Inditex closed the 2020 financial year, the most complicated it has had to go through in its history, with a net profit of 1,106 million euros, which represents a 70% decline with respect to the previous year’s figures. A year marked by the pandemic, store closures and time restrictions, and increased demand for the online channel. All of them ingredients that have been noticed in the account of results of the Galician textile group, in spite of which has managed to keep the positive result. Of course, this is the lowest since 2006. The company’s shares fell above 1% at the start of the trading session, moderating the mid-session decline and even growing slightly.
2020 will go down in the company’s history as being the first in which its revenues are reduced compared to the previous year. Inditex billed 20,402,000, 28% less, With the ballast of the first half of the year and a fourth quarter in which the recovery in sales took a step back. If in the third it had managed to cushion the fall to 13.5%, in the last year, when the restrictions were accentuated again, the decline was almost 25%, with a turnover of 6,317,000 . The profit in this period was 435 million, 53% less. According to the company, on January 31 of this year, the end date of its fiscal year, it had 30% of its physical stores completely closed, When at the end of the third quarter this percentage was 8%. In the whole year the hours of sale were reduced by 25.5% and 100% of its stores have suffered at some time of the year closures or limitations. On January 31st its store network was 6,829 units, 640 less than a year earlier.
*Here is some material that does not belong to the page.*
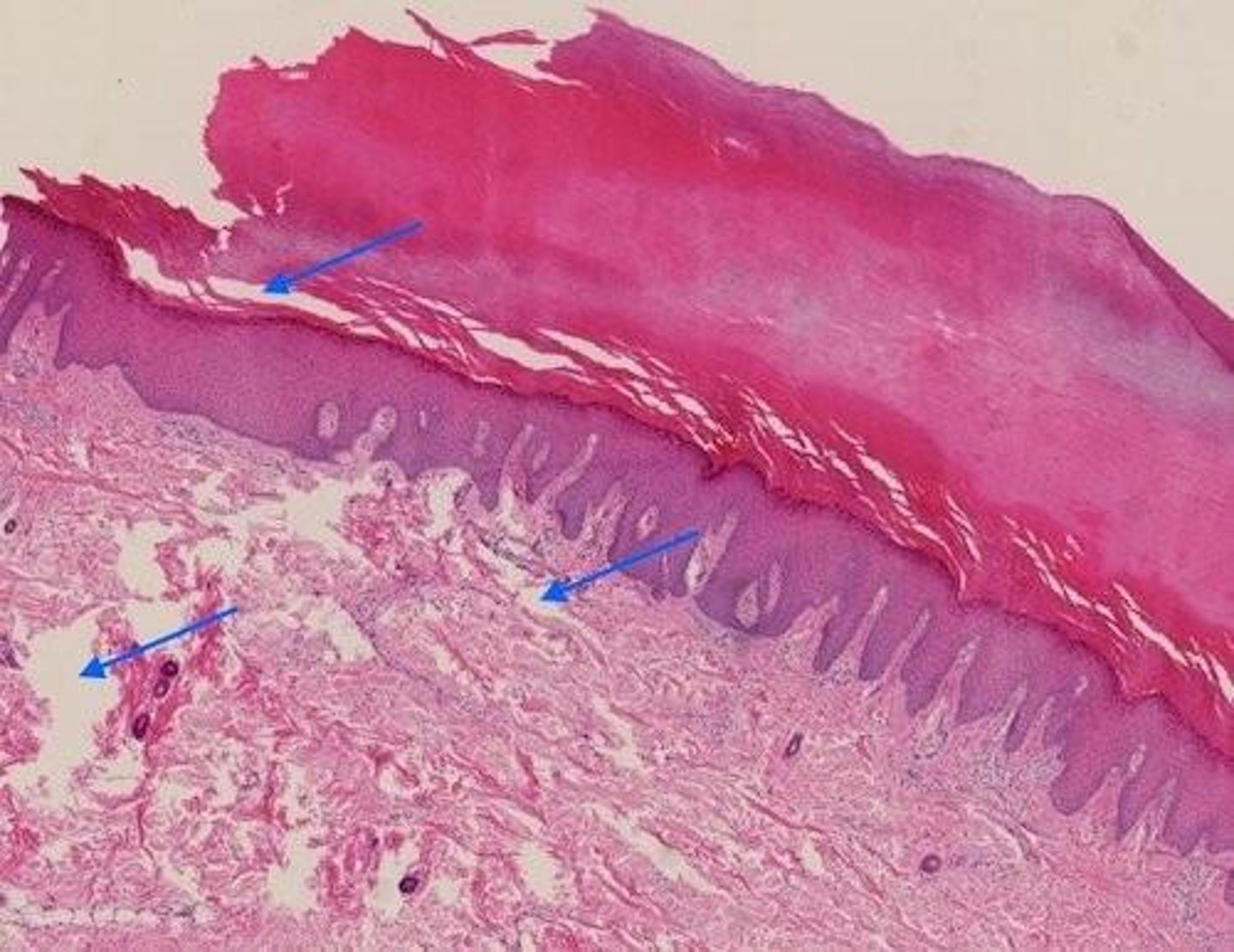 <p>A type of epithelium with multiple layers of flat cells, keratinized in skin.</p>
Something that managed to compensate in part with the growth of the online sale. This did so by 77% to 6,612,000 euros, representing 32.4% of total sales, so that it has far exceeded the target set for this channel to account for 25% of turnover in 2022. In 2019 this percentage was 14%. The group also highlights a 50% growth in visits to its online stores.
“Inditex comes out stronger this year so difficult, “says CEO Pablo Isla in the results report.” The digital transformation strategy launched in 2012 through the integrated platform of online stores has been shown to be the right one, ”he added, concluding that Inditex is today“ an even stronger company than two years ago, with a unique business model and a flexible and efficient global trading platform, which puts us in an excellent position to facing the future “.
Dividend payment
What does raise the textile is the dividend. Inditex returns to its policy of dedicating 60% of the profit to shareholder remuneration and will distribute 0.70 cents per share charged to the 2020 financial year. This is double what it distributed last year. when he kept the dividend up in the air until the summer shareholders’ meeting in the face of the uncertainty unleashed by the coronavirus. In this case it is an ordinary dividend of 0.22 euros and an extraordinary one of 0.48 euros, which will be paid in equal payments of 0.35 euros in May and November.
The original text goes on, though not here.